19 April 2011
Seems like a plausible thesis: That religious identity and the fervor which it has undertaken in parts of the world is a reaction to a perceived threat to identity and individual meaning. It is a lot more comfortable to "find" meaning by having someone else tell you what it is I suppose, and much easier to make sense of the behavior of "others" when you belong to a firmly set group holding strict ideas. I think this method is lazier and often leads to a lot of sloppy thinking (plus inherently leads to tribalism), but then again, most people do not do a whole lot of existential questioning of their lives and societies either.
The biggest element to all of this is the resilience, of a sort, of universalist set of values against this allergic reaction to cultural shifts that some have adopted. I'm not totally sure I buy his thesis that it's an effective response. I'd have to probably see how he lays out the case for that. But it is essentially what non-religious fundamentalist people often do, adopt an overarching view of say "tolerance" or a respect for free people's choices within some reasonable constraints and move on rather than busy themselves worrying about what everyone else is doing. The crucial part is that such a set of ideals worries less about what others are doing, but it still has to grapple with the individual's demands for status games somewhere in there. I'm not sure that his explanation is satisfactory for how to thread that needle. Nor does it seem to me that if this is already a commonly held liberal worldview, so to speak, that it would have any sensible impact upon the traditionalist worldviews that are attempting to insulate themselves against this modern global environment. I don't see a whole lot of crossover happening here already.

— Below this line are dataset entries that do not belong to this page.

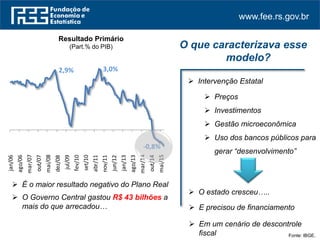 www.fee.rs.gov.br
Fonte: IBGE.
O que caracterizava esse
modelo?
2,9% 3,0%
-0,8%
jan/06
ago/06
mar/07
out/07
mai/08
dez/08
jul/09
fev/10
set/10
abr/11
nov/11
jun/12
jan/13
ago/13
mar/14
out/14
mai/15
 É o maior resultado negativo do Plano Real
 O Governo Central gastou R$ 43 bilhões a
mais do que arrecadou…
Resultado Primário
(Part.% do PIB)
 Intervenção Estatal
 Em um cenário de descontrole
fiscal
 O estado cresceu…..
 Preços
 Investimentos
 Gestão microeconômica
 Uso dos bancos públicos para
gerar “desenvolvimento”
 E precisou de financiamento
 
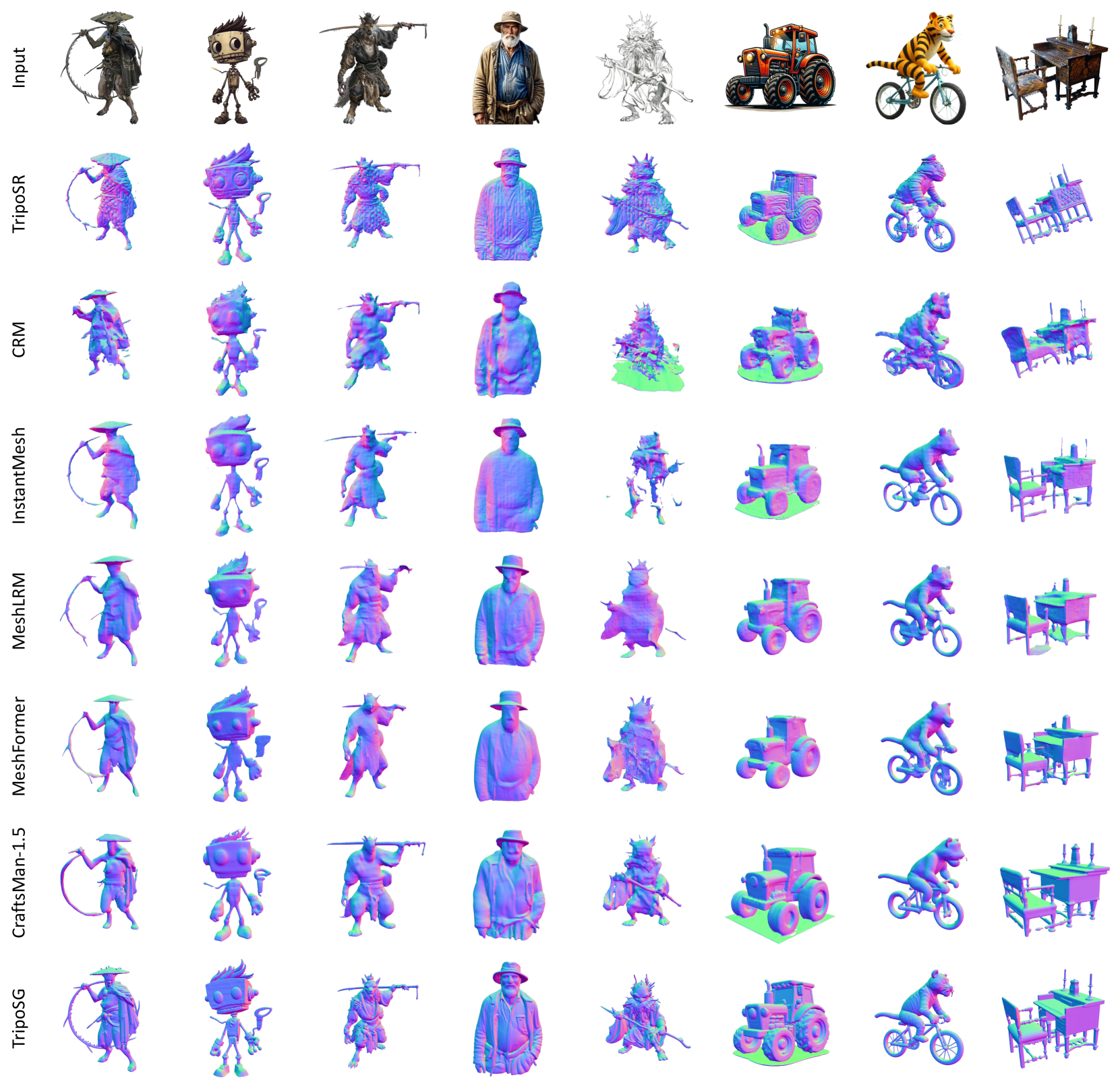 四阶段数据构建流水线：评分→过滤→修复/增强→SDF场数据生产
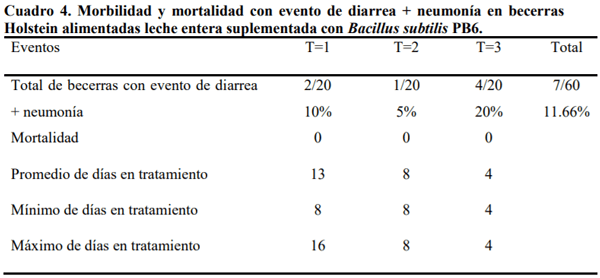 Efecto de la alimentación de becerras holstein suplementadas con bacillus subtilis PB6 en: morbilidad y mortalidad - Image 4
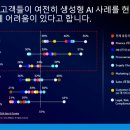 [aws summit 2025] 여행 goes AI! aws 생성형 ai 없이는 살아남을 수 없어! 세션 후기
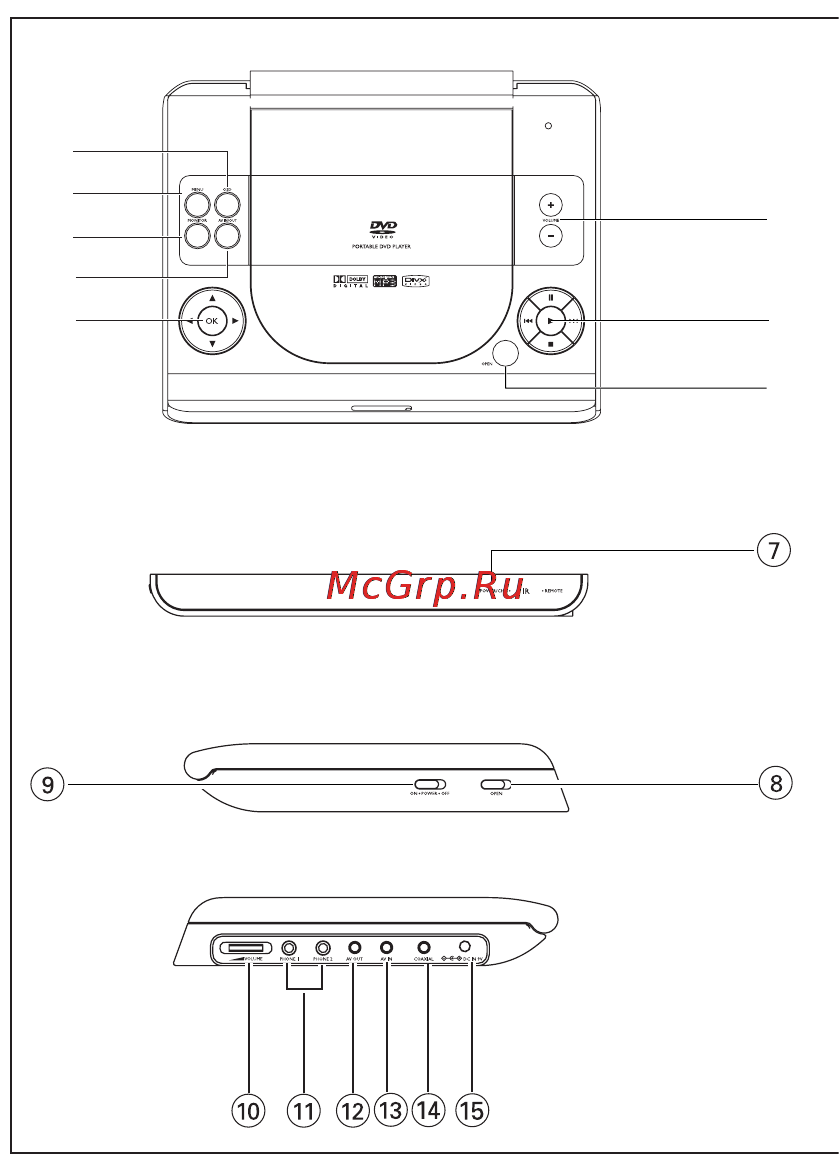 Philips PET825 Инструкция по эксплуатации онлайн [2/109] 89193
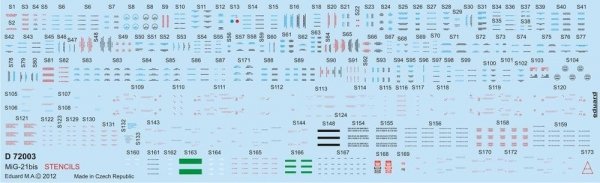 Eduard D72003 MiG-21BIS stencils 1/72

I'm also not convinced that the problem is worse or amplified in a social media standpoint. I think the problem always existed in humanity and that there are just more people in the ballgame than ever before competing for those same social accolades of status. The ballgame is different than just "valedictorian at your high school" or something like that from the previous generations, sure. I don't see how that intensifies the problem. It would seem like that means there are more winners (and more losers), but that there are more opportunities as well to get back into the "game".
The most convincing thread of his thought is the explanation for things like suicide bombing (along with other acts of isolationist violence engaged in by fundamentalists, like murdering doctors for example). A desire for immortality that is so powerful it leads us to completely devalue life itself? ....And to wonder that I called that whole afterlife concept the most pernicious aspect of religious dogma and theology.